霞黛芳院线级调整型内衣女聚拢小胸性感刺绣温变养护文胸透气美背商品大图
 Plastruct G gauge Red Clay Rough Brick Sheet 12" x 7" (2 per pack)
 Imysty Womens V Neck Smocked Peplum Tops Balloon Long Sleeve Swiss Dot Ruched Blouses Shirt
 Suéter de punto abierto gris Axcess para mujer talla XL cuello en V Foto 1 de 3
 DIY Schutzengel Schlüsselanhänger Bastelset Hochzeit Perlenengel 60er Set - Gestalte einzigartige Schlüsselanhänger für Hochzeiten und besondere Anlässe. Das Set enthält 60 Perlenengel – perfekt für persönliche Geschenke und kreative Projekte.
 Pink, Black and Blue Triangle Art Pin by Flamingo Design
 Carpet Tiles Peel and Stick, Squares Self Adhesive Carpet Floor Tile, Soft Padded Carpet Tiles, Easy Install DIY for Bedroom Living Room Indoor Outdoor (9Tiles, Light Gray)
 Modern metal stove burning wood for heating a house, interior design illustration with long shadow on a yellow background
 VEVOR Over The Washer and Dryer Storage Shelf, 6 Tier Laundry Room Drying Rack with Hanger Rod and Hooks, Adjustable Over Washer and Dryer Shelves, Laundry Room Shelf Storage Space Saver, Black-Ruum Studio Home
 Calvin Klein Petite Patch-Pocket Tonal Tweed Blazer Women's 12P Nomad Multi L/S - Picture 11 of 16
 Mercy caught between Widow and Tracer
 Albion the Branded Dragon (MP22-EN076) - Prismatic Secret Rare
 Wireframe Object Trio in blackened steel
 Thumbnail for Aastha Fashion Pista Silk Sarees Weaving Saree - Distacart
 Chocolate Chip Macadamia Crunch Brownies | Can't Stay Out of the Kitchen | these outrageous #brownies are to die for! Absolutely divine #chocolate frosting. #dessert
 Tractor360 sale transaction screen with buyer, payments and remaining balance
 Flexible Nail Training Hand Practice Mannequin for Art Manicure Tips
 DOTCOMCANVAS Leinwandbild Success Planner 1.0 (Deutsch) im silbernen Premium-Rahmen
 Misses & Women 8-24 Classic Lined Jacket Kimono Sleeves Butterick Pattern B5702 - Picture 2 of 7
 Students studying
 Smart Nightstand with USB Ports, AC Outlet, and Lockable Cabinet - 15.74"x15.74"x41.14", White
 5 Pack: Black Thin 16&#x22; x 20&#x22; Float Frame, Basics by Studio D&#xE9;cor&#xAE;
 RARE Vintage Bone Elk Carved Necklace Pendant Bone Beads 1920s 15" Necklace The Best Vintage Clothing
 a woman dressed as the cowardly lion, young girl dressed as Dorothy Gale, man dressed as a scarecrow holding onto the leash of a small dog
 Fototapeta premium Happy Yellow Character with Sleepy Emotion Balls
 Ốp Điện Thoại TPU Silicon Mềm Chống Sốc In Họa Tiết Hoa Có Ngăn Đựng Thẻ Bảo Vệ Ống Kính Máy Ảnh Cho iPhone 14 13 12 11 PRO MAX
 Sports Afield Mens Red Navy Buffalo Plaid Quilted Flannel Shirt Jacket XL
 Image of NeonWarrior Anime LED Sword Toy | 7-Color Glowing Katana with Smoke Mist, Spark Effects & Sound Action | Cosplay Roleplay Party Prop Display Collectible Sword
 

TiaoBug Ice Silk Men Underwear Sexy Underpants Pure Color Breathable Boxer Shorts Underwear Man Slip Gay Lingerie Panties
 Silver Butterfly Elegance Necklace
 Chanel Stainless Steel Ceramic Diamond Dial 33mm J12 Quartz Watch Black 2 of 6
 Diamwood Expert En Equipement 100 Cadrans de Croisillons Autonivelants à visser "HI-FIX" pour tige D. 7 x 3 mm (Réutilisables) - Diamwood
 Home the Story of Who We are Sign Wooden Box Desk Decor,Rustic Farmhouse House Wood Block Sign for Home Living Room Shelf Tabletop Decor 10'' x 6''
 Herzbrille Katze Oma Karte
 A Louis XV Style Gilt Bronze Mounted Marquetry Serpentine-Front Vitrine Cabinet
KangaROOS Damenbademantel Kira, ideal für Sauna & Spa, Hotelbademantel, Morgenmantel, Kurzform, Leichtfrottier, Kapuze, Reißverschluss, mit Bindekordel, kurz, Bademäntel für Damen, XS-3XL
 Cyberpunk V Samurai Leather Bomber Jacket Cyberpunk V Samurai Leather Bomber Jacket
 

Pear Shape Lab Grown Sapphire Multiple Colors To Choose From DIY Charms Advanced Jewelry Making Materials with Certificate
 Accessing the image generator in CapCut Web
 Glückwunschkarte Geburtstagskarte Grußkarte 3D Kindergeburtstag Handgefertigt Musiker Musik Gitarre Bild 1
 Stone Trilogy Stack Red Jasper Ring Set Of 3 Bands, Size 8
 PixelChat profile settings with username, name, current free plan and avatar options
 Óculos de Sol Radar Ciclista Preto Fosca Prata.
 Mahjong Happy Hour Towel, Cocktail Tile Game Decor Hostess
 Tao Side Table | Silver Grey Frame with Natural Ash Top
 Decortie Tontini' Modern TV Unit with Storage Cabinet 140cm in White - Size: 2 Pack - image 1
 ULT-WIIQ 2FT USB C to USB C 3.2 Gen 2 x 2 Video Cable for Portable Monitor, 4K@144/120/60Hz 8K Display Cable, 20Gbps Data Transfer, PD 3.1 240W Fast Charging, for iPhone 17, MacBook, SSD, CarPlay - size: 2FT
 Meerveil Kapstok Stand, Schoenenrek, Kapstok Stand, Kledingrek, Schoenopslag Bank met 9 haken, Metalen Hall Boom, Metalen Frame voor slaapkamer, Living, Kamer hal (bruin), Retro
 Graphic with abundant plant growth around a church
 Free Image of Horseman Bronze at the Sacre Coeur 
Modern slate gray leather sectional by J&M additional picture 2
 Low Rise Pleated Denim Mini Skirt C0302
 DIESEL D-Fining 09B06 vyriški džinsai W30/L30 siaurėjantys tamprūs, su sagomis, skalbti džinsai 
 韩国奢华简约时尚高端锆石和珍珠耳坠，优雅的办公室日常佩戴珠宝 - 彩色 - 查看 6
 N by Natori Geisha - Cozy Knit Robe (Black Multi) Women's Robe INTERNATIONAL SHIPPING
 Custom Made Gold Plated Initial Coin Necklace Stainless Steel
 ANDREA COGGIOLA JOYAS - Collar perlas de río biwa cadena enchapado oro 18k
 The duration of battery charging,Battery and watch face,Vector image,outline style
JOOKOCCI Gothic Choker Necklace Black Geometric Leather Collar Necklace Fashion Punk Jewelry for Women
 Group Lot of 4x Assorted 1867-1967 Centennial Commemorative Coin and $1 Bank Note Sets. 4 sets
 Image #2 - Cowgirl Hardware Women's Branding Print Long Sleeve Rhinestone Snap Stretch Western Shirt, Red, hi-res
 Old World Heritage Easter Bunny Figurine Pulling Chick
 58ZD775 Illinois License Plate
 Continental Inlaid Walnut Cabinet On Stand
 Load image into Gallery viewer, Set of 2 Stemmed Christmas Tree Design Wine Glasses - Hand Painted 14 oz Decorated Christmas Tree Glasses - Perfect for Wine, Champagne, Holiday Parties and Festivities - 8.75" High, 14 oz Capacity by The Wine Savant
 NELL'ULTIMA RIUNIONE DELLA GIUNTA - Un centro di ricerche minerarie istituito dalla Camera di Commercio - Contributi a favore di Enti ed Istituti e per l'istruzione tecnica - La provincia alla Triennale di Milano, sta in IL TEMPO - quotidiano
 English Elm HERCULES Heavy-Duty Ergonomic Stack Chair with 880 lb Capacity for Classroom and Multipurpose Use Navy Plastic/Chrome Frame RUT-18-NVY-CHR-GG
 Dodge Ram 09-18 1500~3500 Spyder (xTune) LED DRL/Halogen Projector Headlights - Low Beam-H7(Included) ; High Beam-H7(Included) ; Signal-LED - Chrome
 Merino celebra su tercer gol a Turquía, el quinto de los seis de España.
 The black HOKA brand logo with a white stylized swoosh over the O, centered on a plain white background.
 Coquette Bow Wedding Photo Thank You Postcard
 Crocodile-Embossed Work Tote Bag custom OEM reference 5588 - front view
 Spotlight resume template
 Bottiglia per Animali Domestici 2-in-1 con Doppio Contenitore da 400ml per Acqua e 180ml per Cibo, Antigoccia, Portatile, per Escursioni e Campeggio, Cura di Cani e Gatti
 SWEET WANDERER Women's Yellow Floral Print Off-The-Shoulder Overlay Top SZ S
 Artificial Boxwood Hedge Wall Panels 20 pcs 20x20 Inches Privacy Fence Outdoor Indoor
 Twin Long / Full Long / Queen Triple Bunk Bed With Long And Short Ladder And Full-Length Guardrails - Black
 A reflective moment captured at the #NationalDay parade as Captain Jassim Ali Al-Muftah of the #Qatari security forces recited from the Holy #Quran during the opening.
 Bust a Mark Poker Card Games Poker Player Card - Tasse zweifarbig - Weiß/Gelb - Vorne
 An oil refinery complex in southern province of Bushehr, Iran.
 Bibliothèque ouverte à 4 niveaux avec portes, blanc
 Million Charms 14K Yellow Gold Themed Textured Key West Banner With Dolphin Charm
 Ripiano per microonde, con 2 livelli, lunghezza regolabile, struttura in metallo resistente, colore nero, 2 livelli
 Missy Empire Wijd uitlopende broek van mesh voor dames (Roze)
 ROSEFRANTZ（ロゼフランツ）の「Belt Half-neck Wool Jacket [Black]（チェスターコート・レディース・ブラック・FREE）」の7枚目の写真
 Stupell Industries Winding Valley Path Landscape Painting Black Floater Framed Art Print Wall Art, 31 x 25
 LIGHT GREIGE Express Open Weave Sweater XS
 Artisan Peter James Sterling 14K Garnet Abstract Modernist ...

What to do – All lines in the listing above that contain "background" should be shown.

Final answer –
 Modern metal stove burning wood for heating a house, interior design illustration with long shadow on a yellow background
 The black HOKA brand logo with a white stylized swoosh over the O, centered on a plain white background.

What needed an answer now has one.